This week, we went to dinner on Nicolson Street at Spoon with friends Clare and Martin. Upon arriving we were welcomed by a twinkling Christmas tree and artfully mismatched retro furniture. One of our current favourite bands, Beirut, was playing on the stereo. Spoon's website claims to offer casual fine dining. Good food and good company made for a wonderful evening.
The room is divided into three sections using folding screens which are covered with retro pictures. The middle section where I sat had well lit tables and chairs. Either side were more dimly lit sections and some more casual seating. Sylvia is not good at sitting still so we did some wandering around the cafe to visit the kids section and admire the table tops covered with maps.

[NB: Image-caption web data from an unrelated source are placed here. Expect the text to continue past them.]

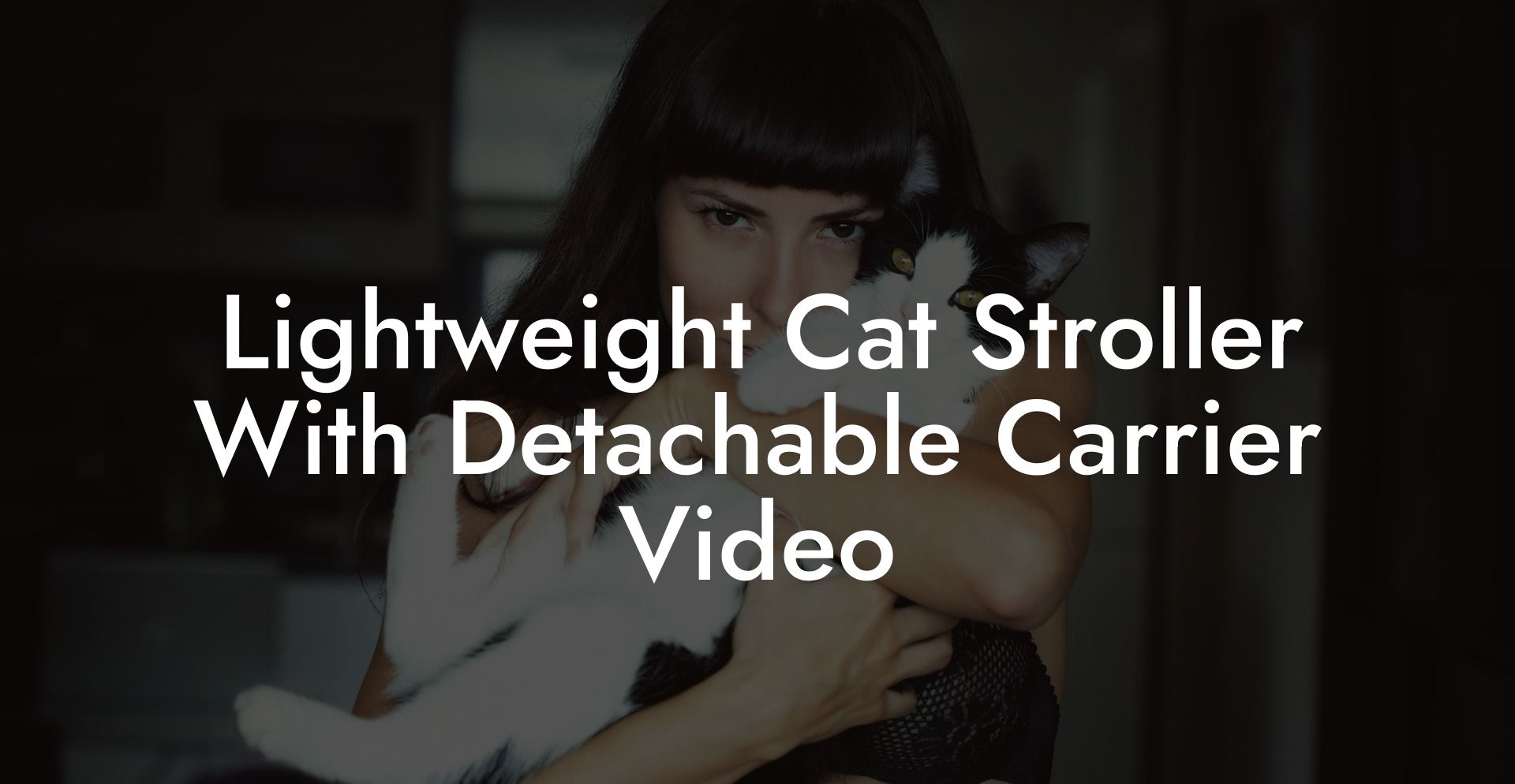 Lightweight Cat Stroller With Detachable Carrier Video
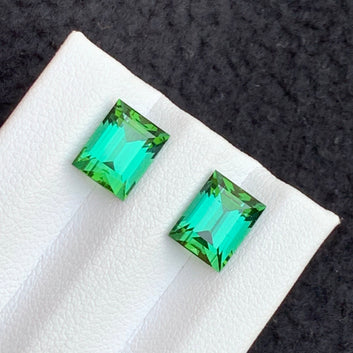 Bluish Green Tourmaline Pair
baguette cut tourmaline pair loose gemstones

untreated bluish green tourmaline pair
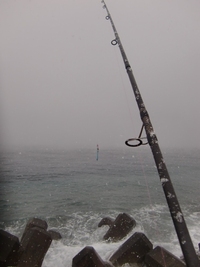 2012,初釣り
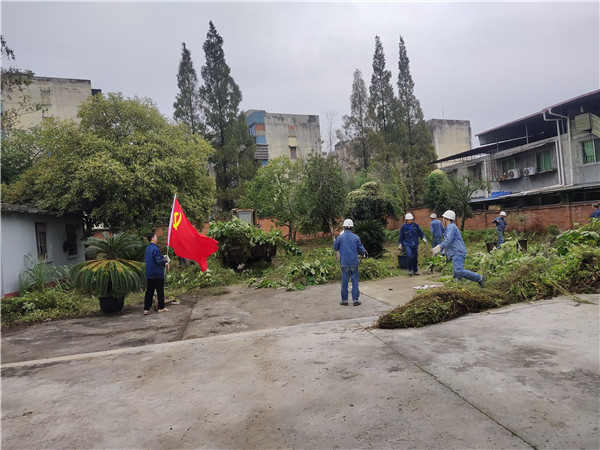 美化环境凝人心 雨中坚守显真情——隆山科峰公司党支部开展主题党日活动4.jpg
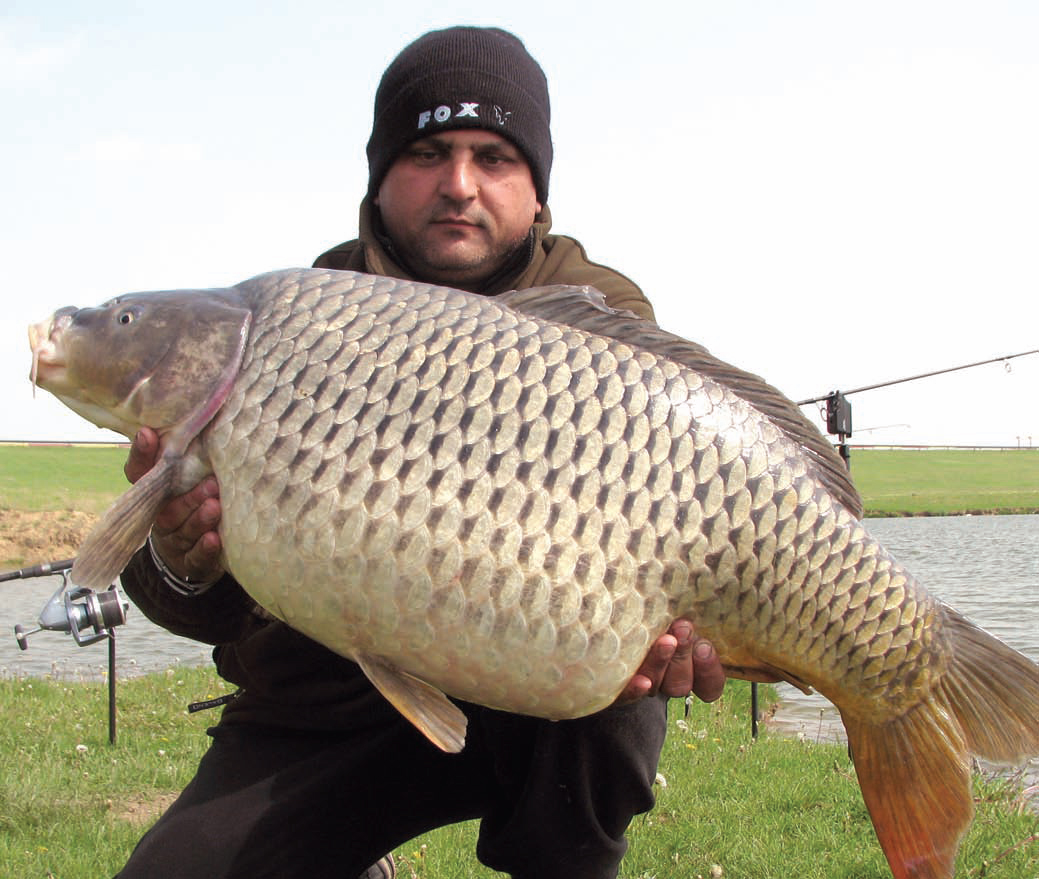 Peşte două săptămâni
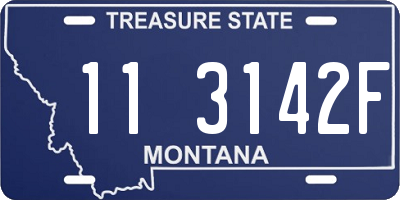 MT license plate 113142F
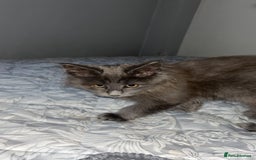 Maine Coon cats for sale: Atlas (Smokey Blue/Grey Maine Coon  - Image 4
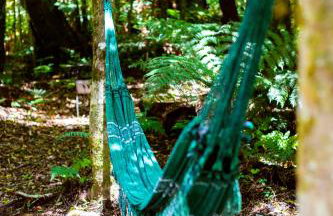 Cabana na Serra Gaúcha - Refúgio de São Chico - Foto 14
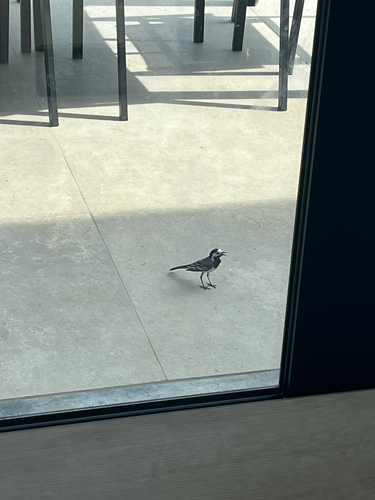 White Wagtail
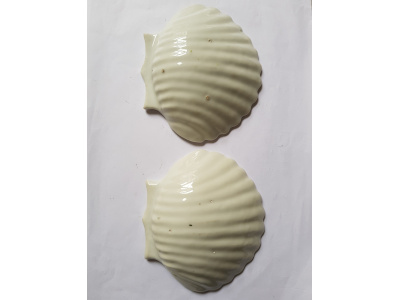 OSA/OSA1232/20220408 114108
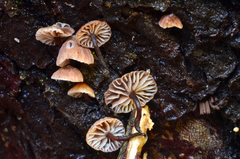 Micromphale arbuticola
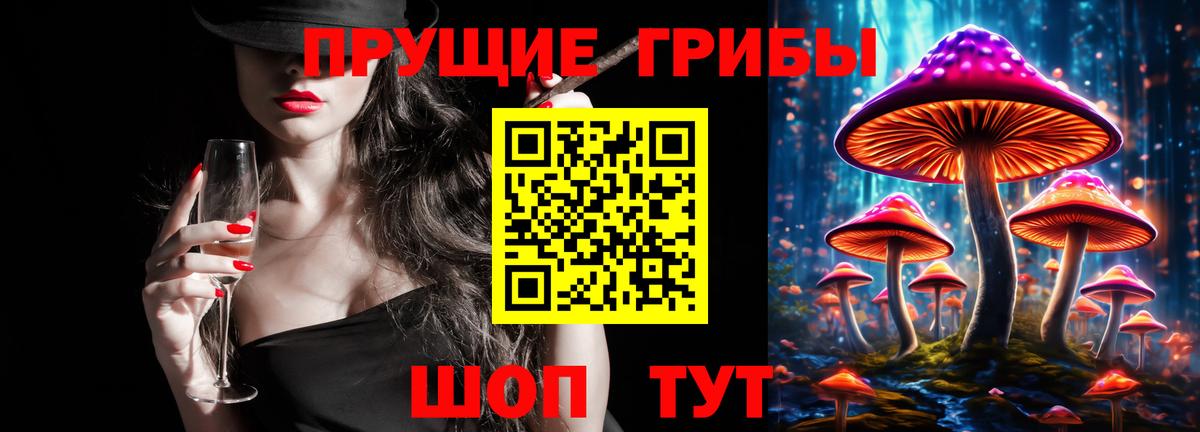 Гурьевск  Галлюциногенные грибы Magic Shrooms  Вход с VPN 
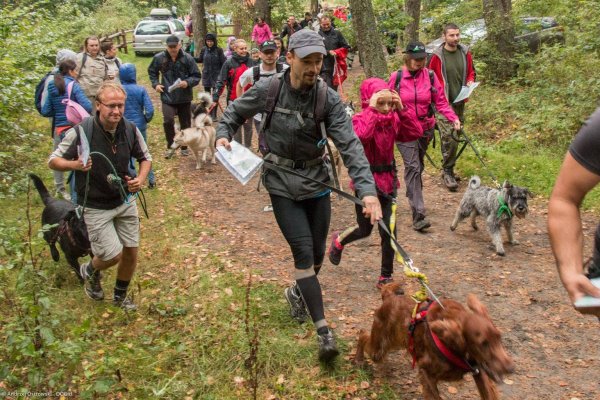 Pomorski Puchar Dogtrekkingu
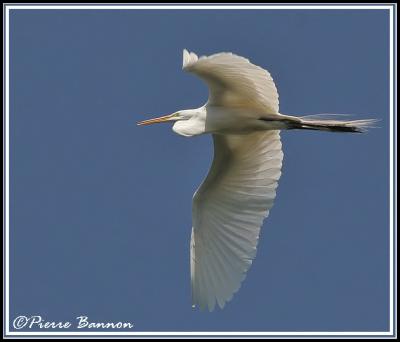 Grande Aigrette (Sainte-Catherine, 5 juin06)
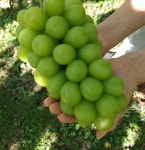 [농가직송]샤인머스켓 제철과일 고당도 프리미엄 선물세트 영동포도 농장 : 원희네 샤인머스켓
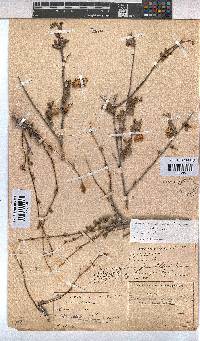 Hermannia cuneifolia var. cuneifolia image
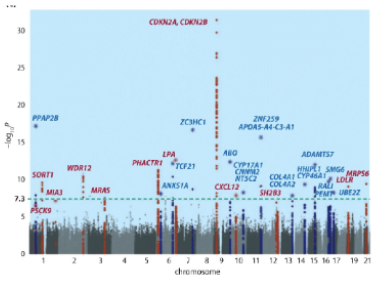 <p>Can you say that individuals with significant SNPs in the CDKN2A locus are likely have the biggest effect on the particular trait being analyzed? Why or why not?</p>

When Clare had suggested Spoon, I had agreed because the website is very slick and they serve chips. I regret to say that Sylvia is eating a lot of chips on our trip because it hard to find food she will eat when we dine out. (At least on most evenings she is eating vegetables at our holiday flat.) These ones were lovely home style chunky chips.
Clare chose the tomato and aubergine soup for her starter and I am sure she liked it. When hers arrived I almost wished I had chosen the soup.
But I had been intrigued by the green apple and mull cheddar salad with chicory, baby spinach & pea shoots. I was very pleased with the pretty presentation and loved the mustard vinaigrette on the salad. It was a nice light starter.
My highlight of the meal was the main course. The others had the pre-theatre menu but I chose from the regular dinner menu because I didn't fancy the pre-theatre vegetarian option, mushroom and barley ragout. Instead I chose the stuffed baked aubergine with chickpeas, cumin and paprika potatoes. Aubergine (or eggplant) is either excellent or terrible. This one was superb. Soft and melting with an interesting eggplant filling. The greens and soft roast potatoes underneath were a wonderful accompaniment.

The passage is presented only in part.